Link between dementia and hypertension




Hypertension appeared to predict the progression of dementia among older adults with certain cognitive deficits, including the ability to organize thoughts and make decisions, but not others, such as those with memory dysfunction.

 

“We know from a large number of papers now that the hallmark of Alzheimer’s disease is memory impairment, whereas vascular cognitive impairment due to multiple strokes are typically associated with hypertension,” said a study researcher Vladimir Hachinski, MD, of the department of clinical neurological sciences at the University of Western Ontario in London, Canada. However, up until now, the literature has been confusing about the role of late-life hypertension in progression to dementia, with some studies’ results supporting the link and others not supporting it.

 

“Because hypertension is a major risk factor for vascular brain diseases and vascular cognitive impairment, we postulated that the cognitive domain of dysfunction may be the crucial factor that determines the association between hypertension and cognitive deterioration,” Hachinski and colleagues wrote.

 

They analyzed data from 990 adults (mean age, 83.06 years) who had experienced cognitive impairment but not dementia, and who had participated in the Canadian Study of Health and Aging in 1991; 1995 to 1996; and 2001 to 2002.

 

During the five-year follow-up, the researcher found that dementia developed at about the same rate among participants with and without hypertension (59.5% vs. 64.2%; P=.32).
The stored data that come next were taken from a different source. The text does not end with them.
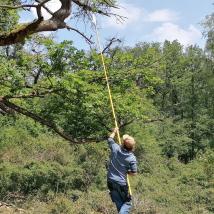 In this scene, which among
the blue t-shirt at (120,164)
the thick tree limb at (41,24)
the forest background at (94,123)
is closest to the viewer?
the blue t-shirt at (120,164)

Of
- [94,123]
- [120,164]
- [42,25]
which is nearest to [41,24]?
[42,25]

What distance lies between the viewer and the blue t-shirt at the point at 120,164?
8.49m

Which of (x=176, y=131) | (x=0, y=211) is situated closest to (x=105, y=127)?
(x=0, y=211)

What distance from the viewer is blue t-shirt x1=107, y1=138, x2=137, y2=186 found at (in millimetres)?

However, results were different when they compared the progression to dementia among patients with hypertension and three patterns of cognitive impairment — those with executive dysfunction alone, those with memory dysfunction alone and patients with both types of cognitive dysfunction. Patients with executive dysfunction alone who had hypertension were more likely than patients without hypertension to progress to dementia (57.7% vs. 28.0%; P=.02).

 

“The implication is that if we treat high BP we could decrease progression [to Alzheimer’s disease] or slow it,” Hachinski said. “We potentially could be delaying or preventing cognitive impairment, and that’s huge. The big gain is not in mortality but to push morbidity to the end of life.”

 

As medical advances continue to extend the average human lifespan, Hachinski advocates for broader preventive strategies to improve the quality of life for aging populations. He called for more prospective studies to explore the means by which hypertension can be most effectively lowered, including research into behavioral as well as pharmaceutical strategies.

 

Currently, Hachinski and colleague Richard K. Chan, MD, also of the University of Western Ontario, are conducting an ongoing trial to determine whether reinforcement from family and peers helps patients at risk for stroke make necessary lifestyle changes, including losing weight and lowering BP.